The approximately 15,000 people, mostly Spaniards, who cross the border to work in Gibraltar each day will be able to continue to enter quickly without joining potentially long queues for passport checks as long as they have registered their status.
Gibraltar was not part of the post-Brexit trade deal that was reached between Britain and the European Union last week. Spain has an effective veto on the Brexit trade deal applying to the Rock.
Foreign Secretary Dominic Raab said: “Today, working side by side with the Chief Minister of Gibraltar, and following intensive discussions with the Spanish government, we reached agreement on a political framework to form the basis of a separate treaty between the UK and the EU regarding Gibraltar.

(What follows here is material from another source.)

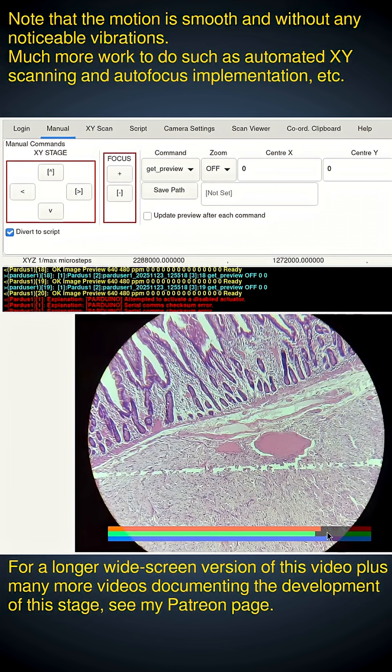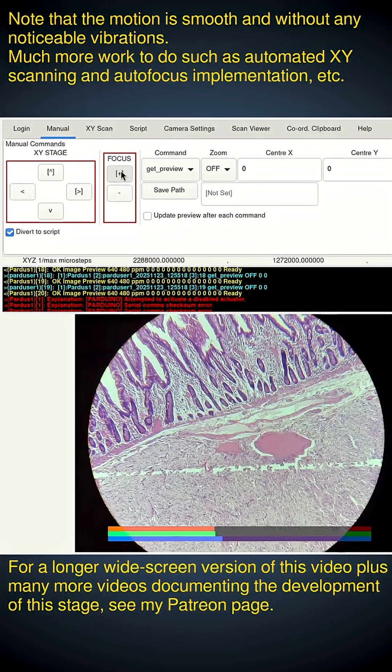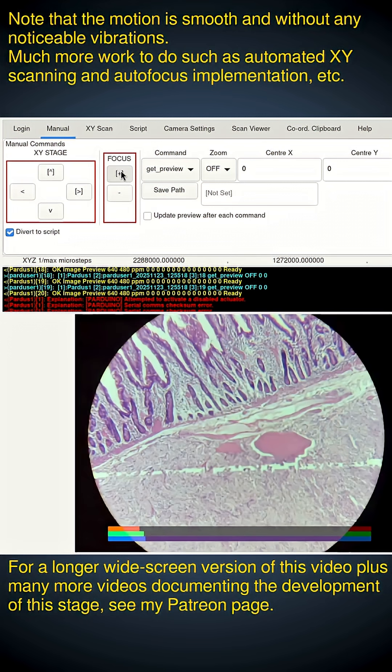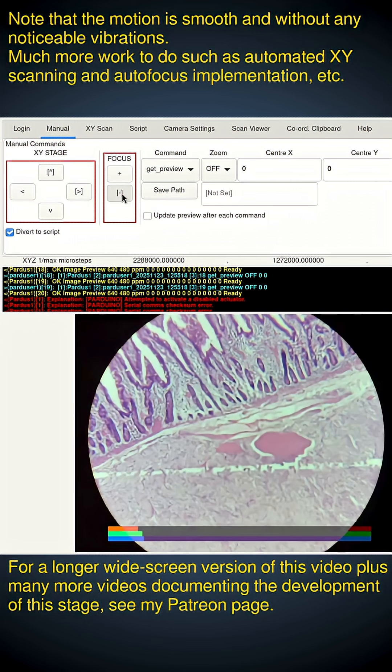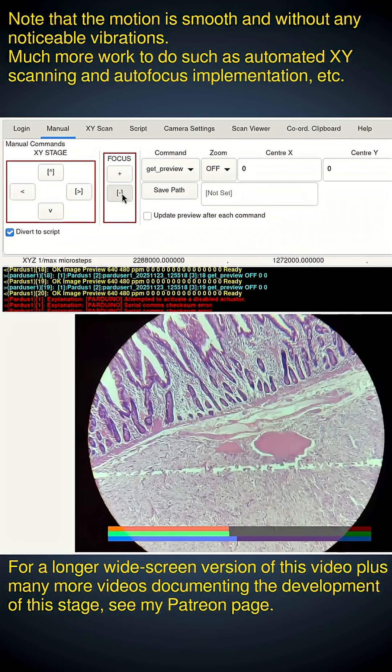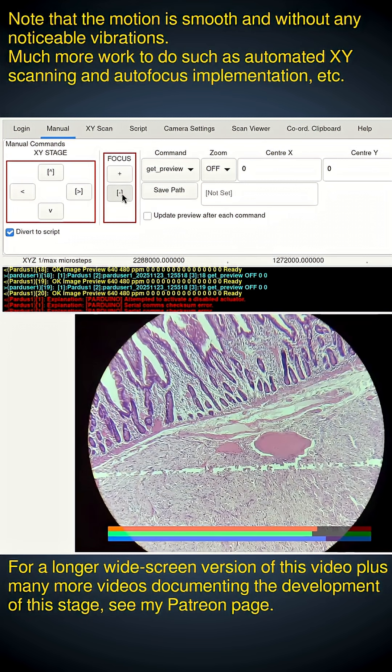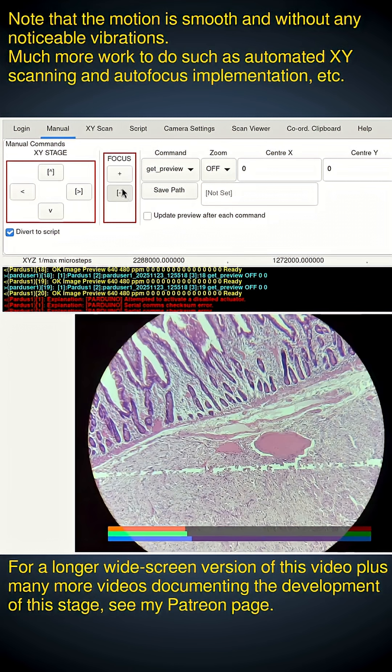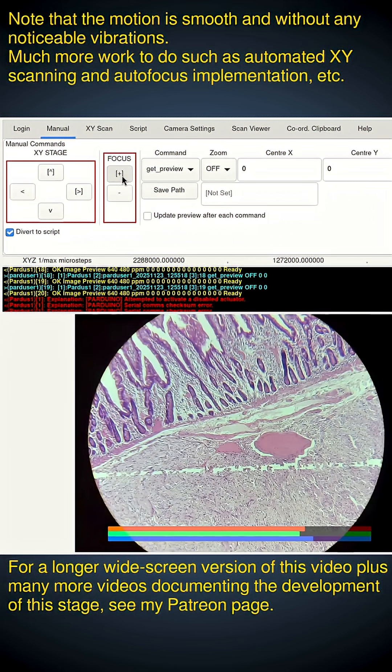And look what happens to this focus assist bar as I move the focus. It goes right down because we're going blurred. We've gone past optimal focus there. So that's as good as I'm going to get it with this step size.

“We will now send this to the European Commission, in order to initiate negotiations on the formal treaty.
“In the meantime, all sides are committed to mitigating the effects of the end of the Transition Period on Gibraltar, and in particular ensure border fluidity, which is clearly in the best interests of the people living on both sides.
“We remain steadfast in our support for Gibraltar and its sovereignty. I am grateful to Foreign Minister Laya and her team for their positive and constructive approach. We have a warm and strong relationship with Spain, and we look forward to building on it in 2021.”
Gibraltar Chief Minister Fabian Picardo gave assurances that nothing in the agreement compromised Gibraltar’s position on sovereignty. Asked whether Spanish security forces would eventually be deployed in the territory under the agreement, Mr Picardo said: “People should not be concerned about that.”
Asked how Gibraltar could now guarantee its security given that the border checkpoint between the Rock and Spain would disappear, Mr Picardo said that there would still be a “policing presence” in the narrow strip of land between Gibraltar and the Spanish town of La Línea.
Mr Picardo said that while there would not be a formal checkpoint between Gibraltar and Spain, enhanced electronic surveillance technology would be deployed to control people entering the territory.